Latin Sigillum was the diminutive of signum, and thus a little sign or symbol. Parsed through Old French and Middle English, the word became seel, which by the 13th century was a device with a raised or incised emblem that could be impressed on wax to certify a signature or authenticate a document. Very early, "seal" gained the implication of formalizing a transaction, so that early religion spoke of souls "sealed" to God. A wax or lead seal might even be used to close up a folded or rolled document or letter so that the recipient could be sure it had been safe from prying eyes, giving rise to the sense of physically closing or securing a letter or package. Seals were also common in commerce and shipping to demonstrate that jars, bales, bags and boxes were whole and uncontaminated.
 

"Deliver" first meant to set free, a sense retained in a jail delivery (jail break) and in "deliver us from evil." The Latin root is liber, "free" as in liberty, liberal, supposedly derived from an IE root meaning grow, mount up.

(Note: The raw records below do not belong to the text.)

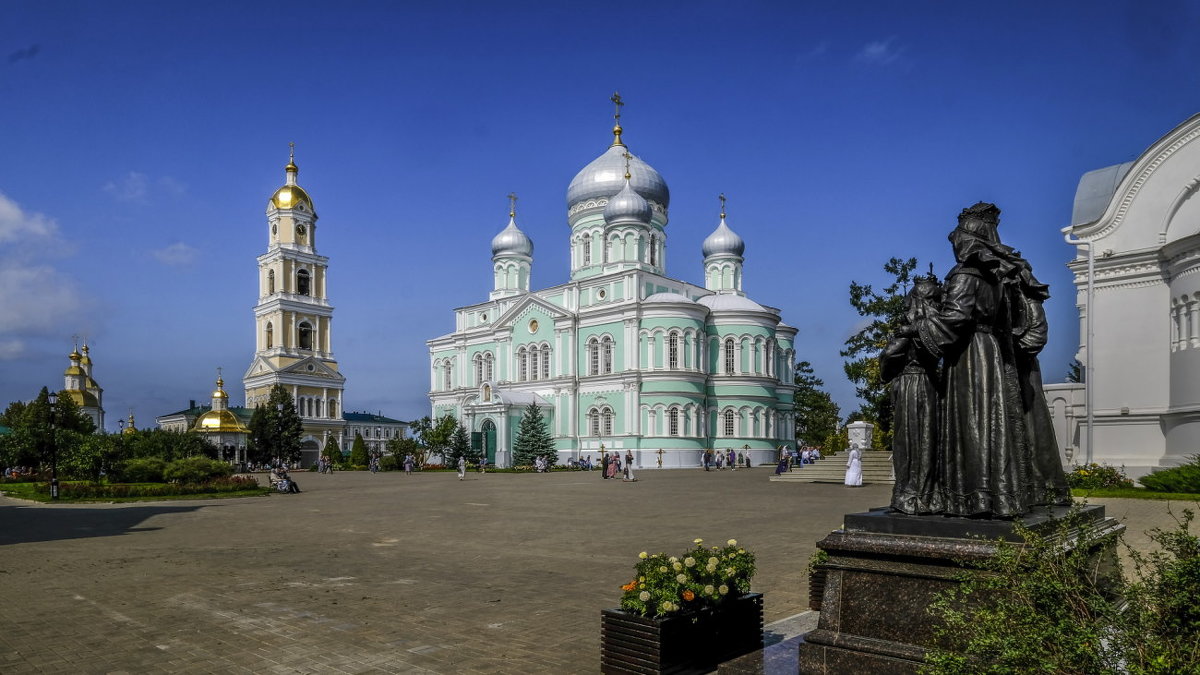 Свято Троицкий Серафима Диведский женский монастырь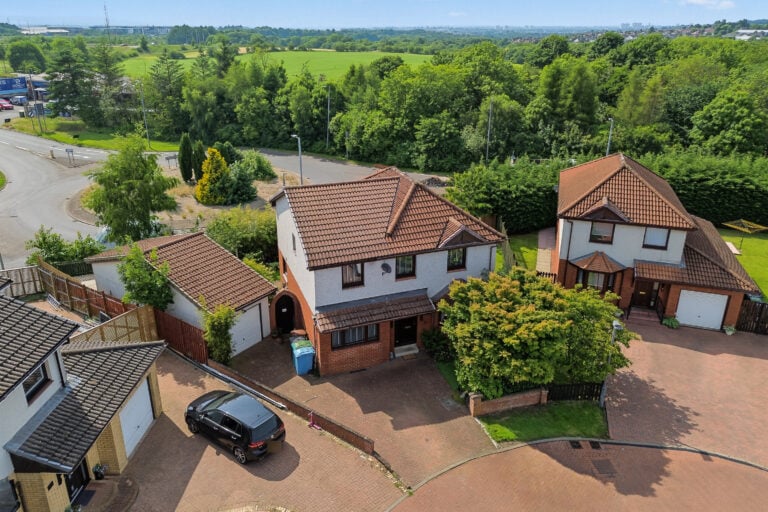 Doune Crescent, Chapelhall, ML6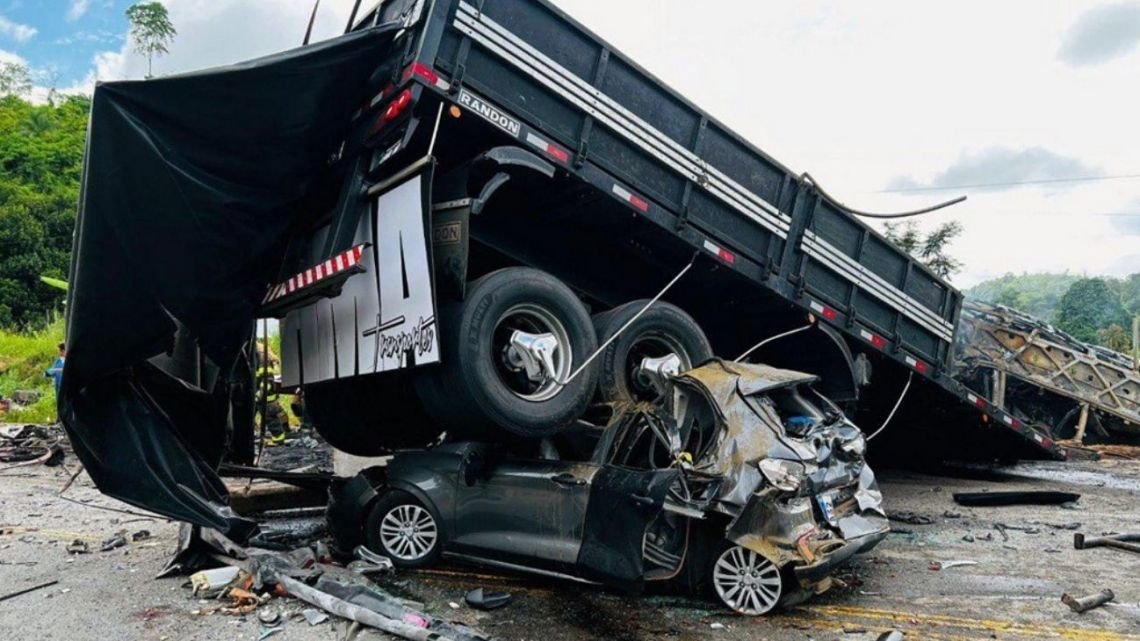 Tragedia en Brasil: más de 30 personas murieron carbonizadas en un brutal choque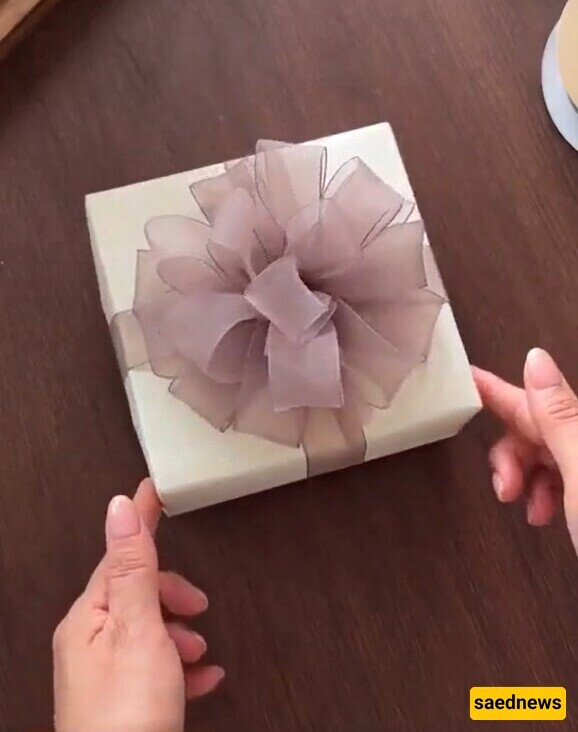 Video | How to do minimal and modern gift wrapping with a floral design, the best idea for gift-giving.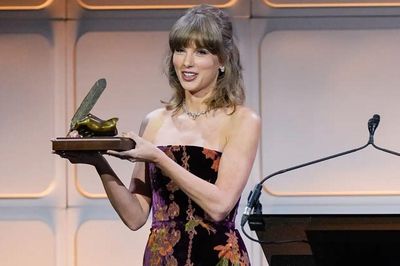 Taylor Swift trở thành nghệ sĩ trẻ nhất được vinh danh tại Đại sảnh Danh vọng Nhạc sĩ Nashville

AHD confides that "the precise semantic development is obscure." The best guess I've seen is that liber originally meant a nobleman (i.e., someone who has been raised up) and came to mean free by association. (The similar appearing words deliberate, libra, liter, etc., are from a non-Indo-European root lithra, meaning weigh or scales.)
 

In its legal usage, "signed, sealed and delivered" has (or had, at least) a very narrow and specific significance. "Signed" is equivalent to "given by hand" or "given under my hand" and requires that the maker of a deed, grant or promise personally execute it, by mark or signature. "Sealed," now obsolete, meant that the maker had, in addition, affixed his seal, which was significant not to prove who the maker was (as a modern lawyer might think) but to waive any objection that the document (whatever it was) was not supported by adequate value received. A modern lawyer would understand "sealed" to mean that a notary has attested or authenticated the signature on the document. "Delivered" was particularly important for deeds and gifts-a gift or grant does not take effect until the property or a deed to the property is placed in the hands of the grantee or donee. In medieval practice, "livery of seisin" (literally, delivery of possession) required that if I wanted to grant you a piece of land, I had to go upon the property with you and hand you a clod of dirt from the land. For urban land, I would hand you the key to the front door.